In a move highlighting the changing landscape of shareholder-company relations in Germany, two DAX 30 constituents are meeting with investors in advance of the first shareholder votes on executive pay. Top executives from Siemens AG and Thyssen-Krupp AG — which will convene AGMs on 26 January 2010 — will huddle with several key investors today, with executive remuneration likely to be a point of emphasis in the discussion. While such pay engagement meetings are commonplace in other markets, German companies had not previously been expected to submit a remuneration report to shareholder vote, and therefore had little incentive to collaborate with investors on the issue. As Manifest noted in an earlier blog post, amendments to German company law have brought on wholesale changes to the way companies and shareholders interact with regards to executive remuneration, as German companies are now required to submit more detailed remuneration disclosures, and company may propose an advisory vote on remuneration policy at the AGM.

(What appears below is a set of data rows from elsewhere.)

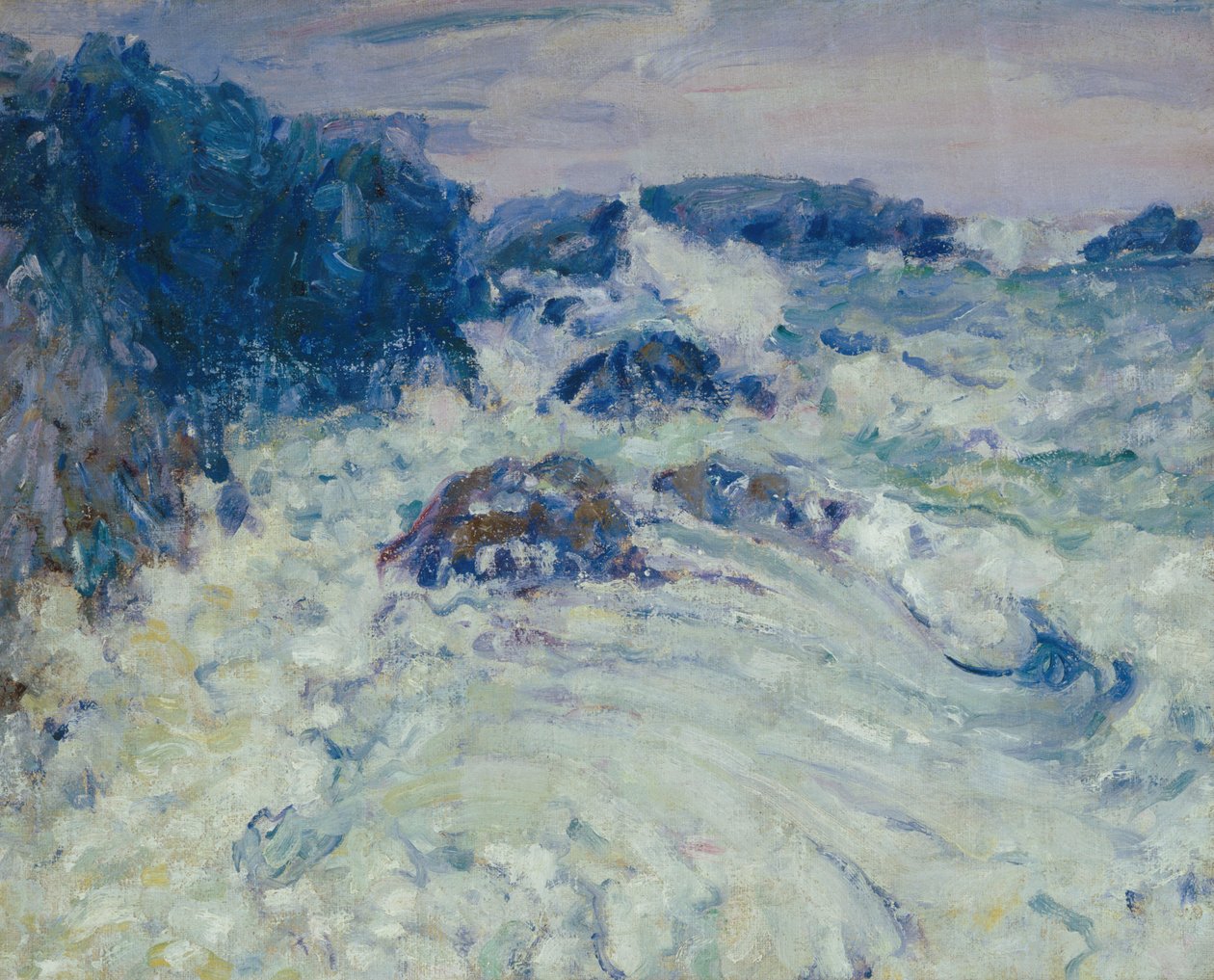 Wzburzone morze, Morestil autorstwa John Peter Russell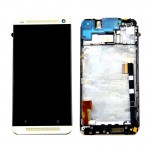Lcd With Touch Screen For Htc M7 Gold By - Maxbhi Com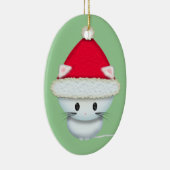Niedliche Weihnachtskitte Keramik Ornament (Rechts)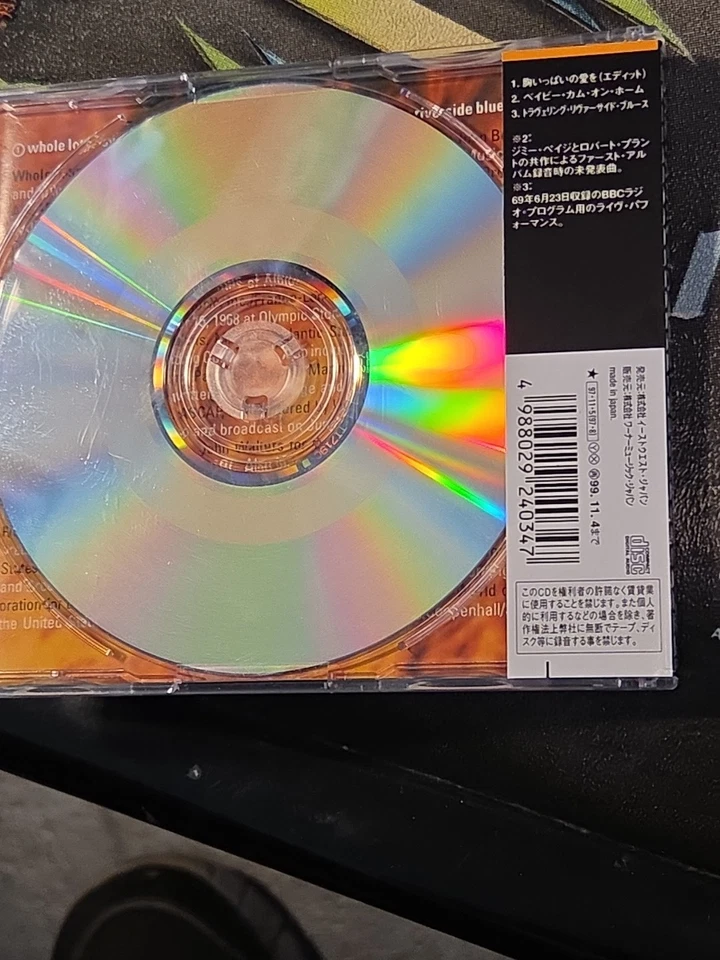 Led Zeppelin Whole Lotta Love CD Japan AMCY2403 1991 Atlantic EastWest Japan OBI Foto 4 de 4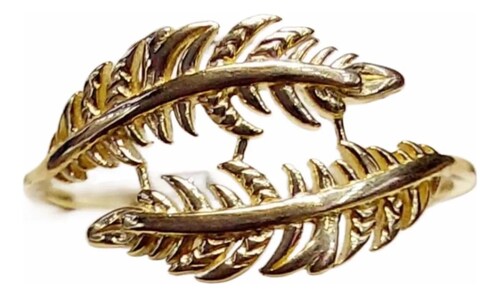 Anillo Hojas Olivo Oro 10 K. + Obsequio
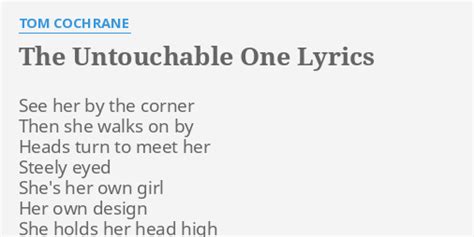 the untouchable one lyrics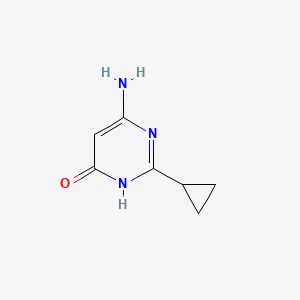 molecular formula C7H9N3O B1449765 6-氨基-2-环丙基嘧啶-4-醇 CAS No. 954388-42-2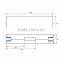 Elegant Top Quality Stainless Steel Clip Clamps Glass Shower Door Hardware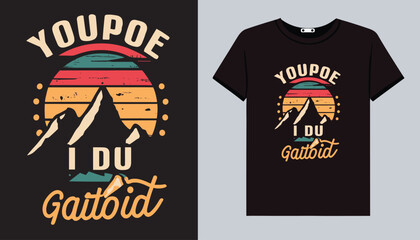 Mountain outdoor adventure t-shirt design, 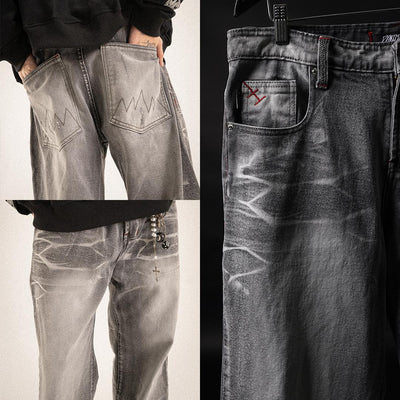 H1 Low Waist Baggy Ladies Jeans - Titanium Grey - Jeans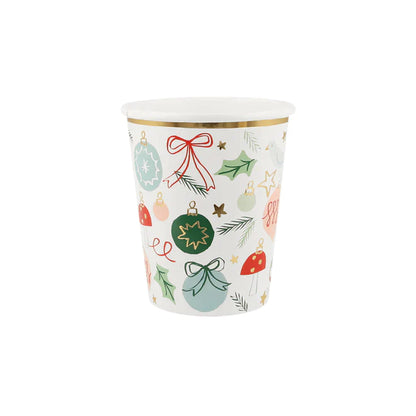 festive pattern christmas cups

The Gesetz zur Angemessenheit der Vorstandsvergütung (Act on the Appropriateness of Management Board Remuneration, or “VorstAG”) was ratified by the German Bundestag in September 2009 and was drafted as a response to the fallout of the market crisis. Disillusioned investors reacted to the crisis by for a facility to express their disapproval of any irresponsible remuneration practices. The Bundestag acknowledged one of the issues at the crux of the market turndown was negligent pay policy, which could reward executives with windfall incentives linked to short-term profits or share price. In a September 2008 press release, the Bundestag stated, ‘…the incentives in remuneration systems promoted the wrong kind of conduct. By virtue of a number of different rules, the new Act ensures inter alia that, when executive remuneration is determined by the supervisory board, there will be a greater focus on incentives concerning the company’s long-term development’.[1]

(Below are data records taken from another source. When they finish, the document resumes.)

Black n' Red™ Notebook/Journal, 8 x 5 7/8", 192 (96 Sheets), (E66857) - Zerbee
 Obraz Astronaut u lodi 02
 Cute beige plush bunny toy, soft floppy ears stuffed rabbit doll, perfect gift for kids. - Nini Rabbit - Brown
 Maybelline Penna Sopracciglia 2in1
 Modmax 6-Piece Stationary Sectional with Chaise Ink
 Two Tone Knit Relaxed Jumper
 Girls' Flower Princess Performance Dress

The VorstAG addressed the issue in a number of ways, introducing caps limiting the maximum amount available under variable pay schemes, requiring share options to be held a minimum of four years before vesting, allowing for claw-back measures where a company’s situation markedly worsens after bonus payments and placing full accountability for remuneration levels on the supervisory board — in the form of a shareholder advisory vote. It should be noted that the Act does not require companies to propose the remuneration policy to shareholders, only providing for companies to offer this facility on a voluntary basis. It appears, however, that the remuneration vote will be regarded as local best practice moving forward.  Siemens and Thyssen-Krupp have thus proposed the resolution on a voluntary basis following a request from the DSW.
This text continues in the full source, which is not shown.